======== The data
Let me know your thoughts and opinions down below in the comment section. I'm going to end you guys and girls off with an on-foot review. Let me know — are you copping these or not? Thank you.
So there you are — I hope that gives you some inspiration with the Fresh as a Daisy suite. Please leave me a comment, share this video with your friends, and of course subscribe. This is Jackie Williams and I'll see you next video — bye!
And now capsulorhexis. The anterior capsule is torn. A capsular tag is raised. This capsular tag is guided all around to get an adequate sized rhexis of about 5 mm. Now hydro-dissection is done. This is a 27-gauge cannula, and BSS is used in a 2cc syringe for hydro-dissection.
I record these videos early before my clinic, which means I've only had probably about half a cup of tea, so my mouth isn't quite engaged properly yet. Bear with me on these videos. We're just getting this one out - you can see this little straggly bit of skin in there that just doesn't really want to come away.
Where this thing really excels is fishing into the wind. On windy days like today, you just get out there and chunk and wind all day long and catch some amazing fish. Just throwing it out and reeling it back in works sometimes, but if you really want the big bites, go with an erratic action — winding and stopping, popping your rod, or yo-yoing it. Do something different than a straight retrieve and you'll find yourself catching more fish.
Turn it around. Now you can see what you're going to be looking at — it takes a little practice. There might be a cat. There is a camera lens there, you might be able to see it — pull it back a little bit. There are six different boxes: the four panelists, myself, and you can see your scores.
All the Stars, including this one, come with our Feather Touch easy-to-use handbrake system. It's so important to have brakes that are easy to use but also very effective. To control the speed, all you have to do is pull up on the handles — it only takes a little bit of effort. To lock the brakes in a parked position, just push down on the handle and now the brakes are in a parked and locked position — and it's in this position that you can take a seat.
================
======== The data
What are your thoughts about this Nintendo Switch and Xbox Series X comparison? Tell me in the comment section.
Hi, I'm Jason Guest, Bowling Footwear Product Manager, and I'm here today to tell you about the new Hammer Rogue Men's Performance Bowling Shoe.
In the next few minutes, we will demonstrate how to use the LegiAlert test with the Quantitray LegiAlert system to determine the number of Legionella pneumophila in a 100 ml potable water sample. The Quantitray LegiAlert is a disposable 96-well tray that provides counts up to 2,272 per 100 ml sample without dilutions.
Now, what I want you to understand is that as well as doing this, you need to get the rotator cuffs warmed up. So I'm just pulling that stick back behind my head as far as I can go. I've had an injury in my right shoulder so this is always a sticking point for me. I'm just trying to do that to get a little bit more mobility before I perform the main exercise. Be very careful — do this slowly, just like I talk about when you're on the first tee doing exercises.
================
* How to complete this task
Copy, exactly and only, the lines above that begin with the one containing "Let me know your" and finish with the one containing "So there you".

* Written response
Let me know your thoughts and opinions down below in the comment section. I'm going to end you guys and girls off with an on-foot review. Let me know — are you copping these or not? Thank you.
So there you are — I hope that gives you some inspiration with the Fresh as a Daisy suite. Please leave me a comment, share this video with your friends, and of course subscribe. This is Jackie Williams and I'll see you next video — bye!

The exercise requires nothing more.